The real issues in viewing resolution on the mk3 are probably due to looking at the pixels themselves, which, with the same lens *should* usually be a little softer, due to the limits of the lens, and this doesn't necessarily go away when you view or print the images from both at the same size, if the downsizing methods used are not true resampling. Even $600 photoshop uses a quick and dirty method of downsizing images that maintains individual original pixel limitations, in terms of noise and resolution. Who knows what it does when it goes to print, too. It may use methods that maintain individual pixel characteristics, too, when it sends the print driver the data in its native color pixel resolution.
And let's face it, Canon's wide lenses are not stellar performers, especially in the corners and wide open, so if you're going for minimum DOF with them, your "in-focus" areas aren't always going to be as sharp as you want. AA filters only "ruin" a very narrow range of optical MTFs; the range that is otherwise just a little sharp, but not completely sharp. The really sharp parts should have the AA filter, and the soft areas, due to optical limits or being OOF are hardly affected by the AA filter at all.

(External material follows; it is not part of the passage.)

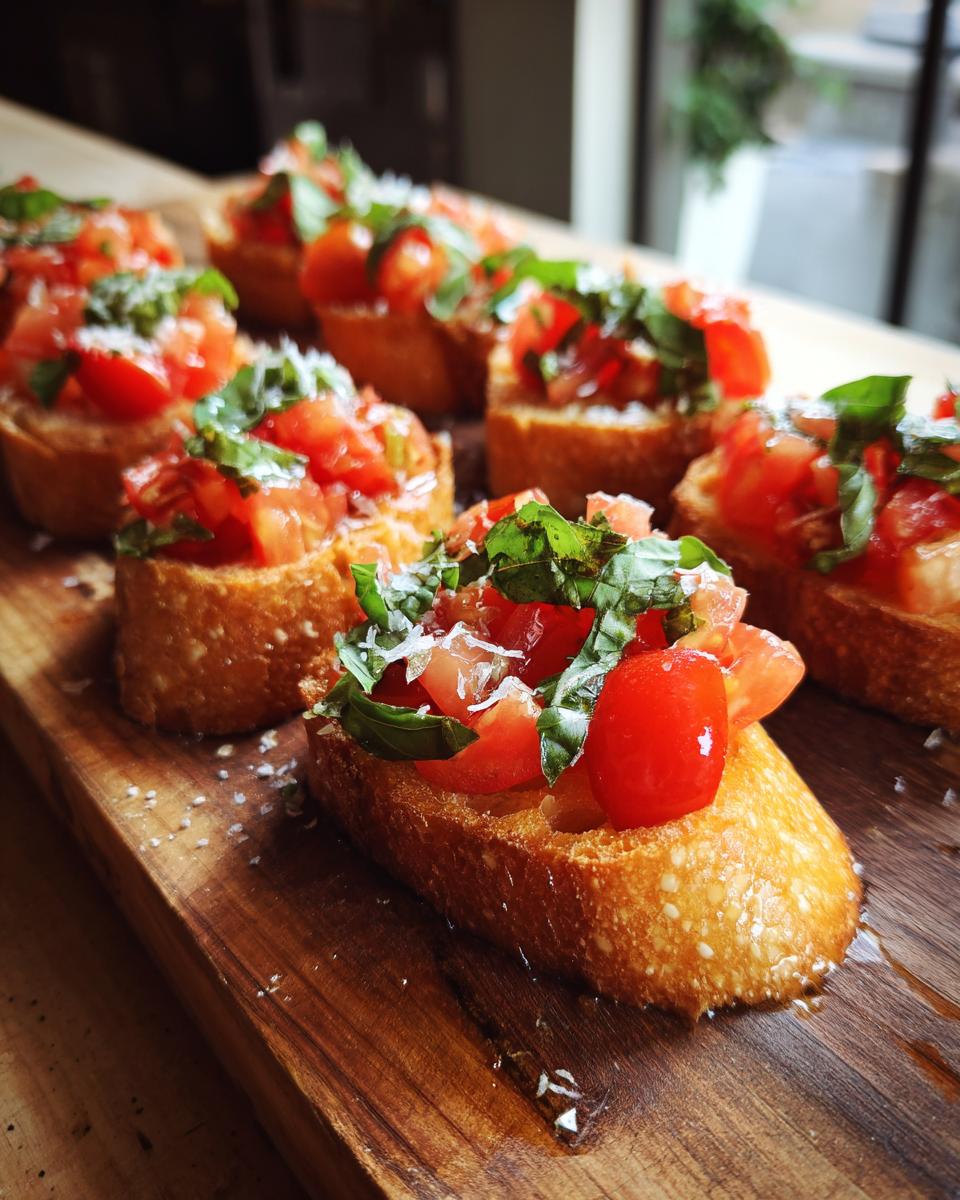 Close-up of fresh tomato bruschetta with basil and parmesan, perfect for Nye food.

It really makes me sad to see all the current backlash against AA filters. I personally can't fathom why anyone would want to look at or capture an aliased image; they look totally unnatural to me, like an image viewed through fractured glass that just happens to break in simple grid pattern. The sharpness is clearly false, with high-contrast edges in discreet, non-analog, "snap-to-grid" positions.
The ultimate solution to issues like this is higher pixel density; once you get to a certain pixel density, you're going to outresolve the lenses anyway so no AA filter is needed. Noise energy will also be concentrated at frequencies beyond the resolution of the lens, and noise can therefore be discarded in processing without losing subject detail. The issues, of course, with higher pixel density are slower camera operation and computer processing time, and storage space, so growth in those areas are necessary, to make super-high-resolution practical.